#### Entries supplied ####

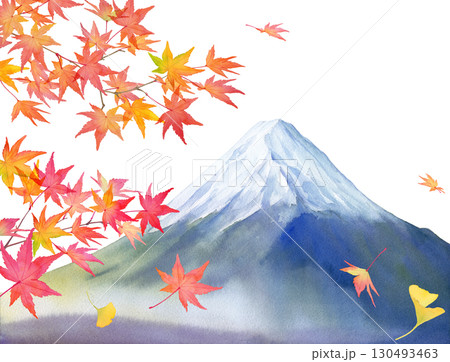 背景を透過した、秋の紅葉と富士山の景色。水彩イラスト。 130493463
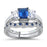 His Hers Wedding Rings Blue CZ Bridal Engagement Wedding Set Sterling Silver Bands Him Her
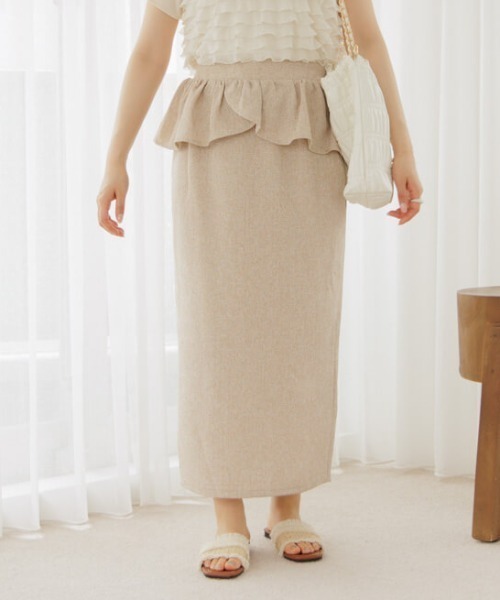 flower（フラワー）の「ペプラムスカート（スカート・レディース・ベージュ/ホワイト・FREE）」の2枚目の写真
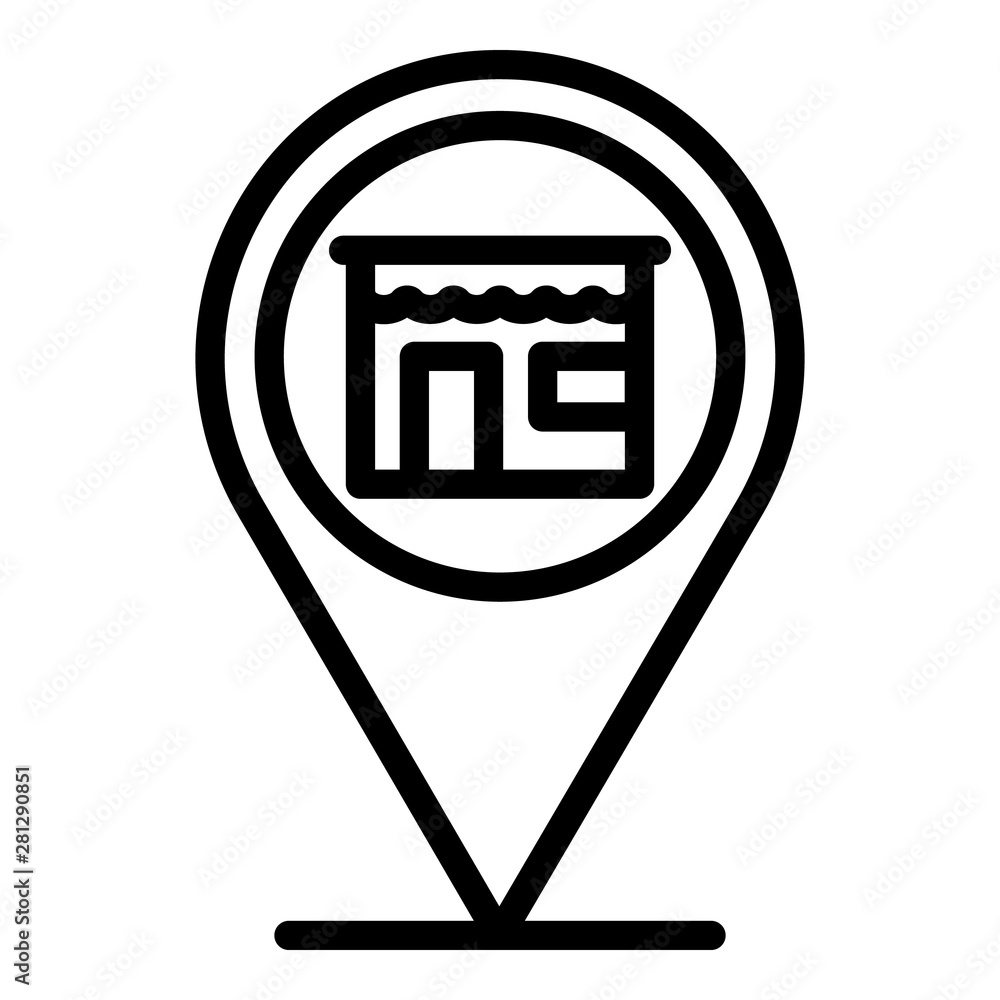 Poster gps store label icon. outline gps store label vector icon for web design isolated on white backgroun
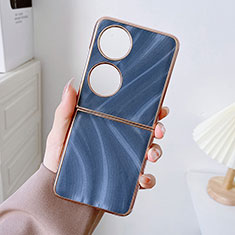 Coque Luxe Cuir et Plastique Housse Etui Mat BH2 pour Huawei P50 Pocket Bleu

####

* _Goal of the exercise_
Verbatim copy without images: write the records above out in full.

* _Answer space_
 背景を透過した、秋の紅葉と富士山の景色。水彩イラスト。 130493463
 His Hers Wedding Rings Blue CZ Bridal Engagement Wedding Set Sterling Silver Bands Him Her
 flower（フラワー）の「ペプラムスカート（スカート・レディース・ベージュ/ホワイト・FREE）」の2枚目の写真
 Poster gps store label icon. outline gps store label vector icon for web design isolated on white backgroun
 Coque Luxe Cuir et Plastique Housse Etui Mat BH2 pour Huawei P50 Pocket Bleu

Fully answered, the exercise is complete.